訪日客に詳しい静岡経済研究所調査部の岩本真弥調査グループ長は「(クルーズ船の乗客に特に多い欧米系の訪日客の中には)日本の文化や生活様式に関心を持っている人は多い。われわれが気付かないことも魅力に映ることがある」と分析する。
■足延ばすクルーズ欧米客
清水港は最近10年間でクルーズ船の寄港が6倍以上増加した。2025年度は過去最多の約110隻が訪れる予定。船内でツアーごとにフェイスブックのグループができ、乗客同士が訪問先のおすすめを自由に情報交換しているという。
市中心部の呉服町通りにある商店街の刃物店や雑貨店も、近年では訪日客が多く訪れる人気観光スポットになっているようだ。
包丁などを販売する1924年創業の「刃物の政豊」は、すでに売り上げの2割以上が訪日客。28日午前に訪れたドイツ人観光客のリザさん(35)は刺し身包丁1本と文化包丁1本を購入。沼田千晴社長(57)は「皆、鋼材の種類などよく調べて買いに来る」と舌を巻く。公認会計士で雑貨店「三保原屋」社長の堀高輔さん(38)は「店や商品のルーツを聞かれることが多い。ずっと商店街で店を出してきた伝統や歴史が強みになっている。ビジネスチャンスを訪日客に気付かせてもらっている」と話す。
■清水港の船客 実態調査へ
静岡市や地元企業などでつくる「清水港客船誘致委員会」は5月に計3回、国際クルーズ船の乗客が寄港した後の立ち寄り先を調査する。

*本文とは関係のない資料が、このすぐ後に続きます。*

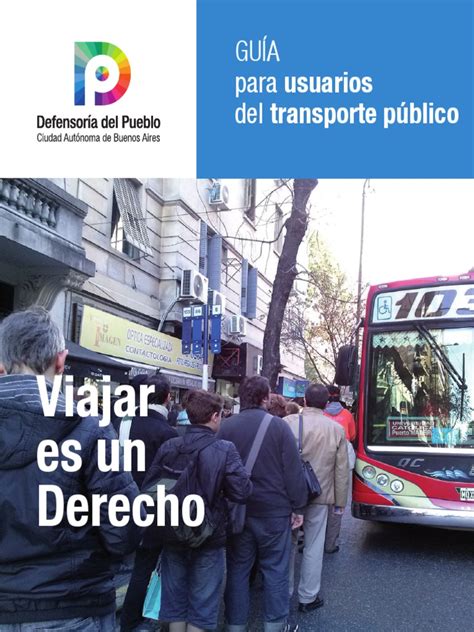 Pdf Guia De Transporte Dokumen Tips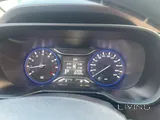 GAC GS3 2024 | Top Variant | Full Insurance | Well Maintained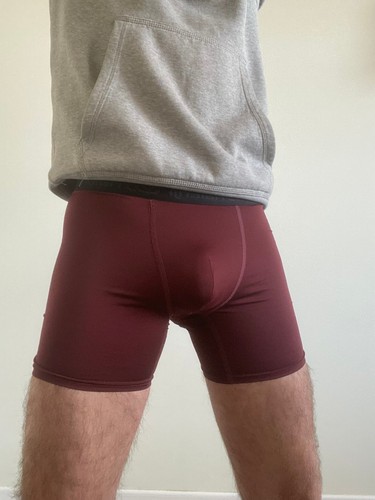 Collant running uomo - , kalenji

乗客に台紙代わりの富士山柄のハンカチを渡し、市内9カ所を巡ってもらうスタンプラリーを検討。立ち寄り先のデータを分析し、モデルコースの提案につなげるとしている。
中心市街地「おまち」の活性化を推進する「I Love しずおか協議会」でインバウンド部会長を務める杉沢恒静岡鉄道取締役は「訪日客の訪問先は日本人が『こうであろう』というものではない。今後、同様の調査があれば協力していく」などとした。